[2.3.1]
Zum Hauptkriterium der »reflektierten Sinnlichkeit«
bezüglich der perzeptiven Qualität
Wenn die Erfahrung als perzeptive Qualität bewertet wird, ist das bewußte
Selbst in seiner Gegebenheitsweise Thema ohne jegliche Interpretation oder Wertung
des seelischen Zustands. Unter diesem Blickwinkel ist das Selbst aber allein durch
das Bewußtsein von sinnlichem Reizmaterial gegeben. Das Hauptkriterium der
reflektierten Sinnlichkeit bewertet daher ausschließlich das reflektierende, vergnügliche
Spiel mit dem die bewußte Selbsterfahrung konstituierenden, präsenten
Sinnesmaterial. Fragen der Art, welche Bedeutung diese Sinnesreize haben, ob sie von natürlichen
oder künstlichen, von kostbaren oder banalen Objekten ausgehen oder welche Gefühle, wie
der Wunsch, ein Objekt zu besitzen, oder eine angenehme Empfindung sie sonst
hervorrufen, bleiben ausgeklammert. Dadurch unterscheidet sich die reflektierte
Sinnlichkeit vom ungebremsten, lustvollen Genuß. Durch die distanzierte, subjektive
Reflexion des ästhetischen Reizmaterials kann dieses in seinem Sosein bestehen bleiben.

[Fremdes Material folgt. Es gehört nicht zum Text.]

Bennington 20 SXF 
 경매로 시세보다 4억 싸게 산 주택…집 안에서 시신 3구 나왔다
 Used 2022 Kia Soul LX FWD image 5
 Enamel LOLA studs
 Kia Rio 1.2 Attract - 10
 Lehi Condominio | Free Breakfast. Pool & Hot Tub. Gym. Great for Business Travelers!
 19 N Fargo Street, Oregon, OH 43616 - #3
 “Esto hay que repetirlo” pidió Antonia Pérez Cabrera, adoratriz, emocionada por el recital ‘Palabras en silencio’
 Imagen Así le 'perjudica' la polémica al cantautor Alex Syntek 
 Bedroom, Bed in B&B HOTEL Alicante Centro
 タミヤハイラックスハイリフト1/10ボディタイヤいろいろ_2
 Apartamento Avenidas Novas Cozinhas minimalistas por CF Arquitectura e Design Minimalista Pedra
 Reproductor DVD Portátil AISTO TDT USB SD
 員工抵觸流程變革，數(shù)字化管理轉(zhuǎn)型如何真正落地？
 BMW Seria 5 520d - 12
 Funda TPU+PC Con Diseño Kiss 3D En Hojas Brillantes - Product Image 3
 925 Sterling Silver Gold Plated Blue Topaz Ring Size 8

»Indem nämlich das Subjekt im Geschmacksurteil sich scheinbar nur auf sich selbst
konzentriert und ganz vom Gegenstand absieht, ihn weder dem Begriff noch dem Begehren
unterwirft, verzichtet es darauf, sich den Gegenstand zu eigen zu machen und läßt ihm
gerade dadurch zum ersten Mal die Möglichkeit in seinem Selbstsein, seiner besonderen und
irreduziblen Wirklichkeit, die sich wie die praktische Vernunft selbst ihr Gesetz zu geben
scheint, hervorzutreten.« (Hauskeller, 1994, S. 218)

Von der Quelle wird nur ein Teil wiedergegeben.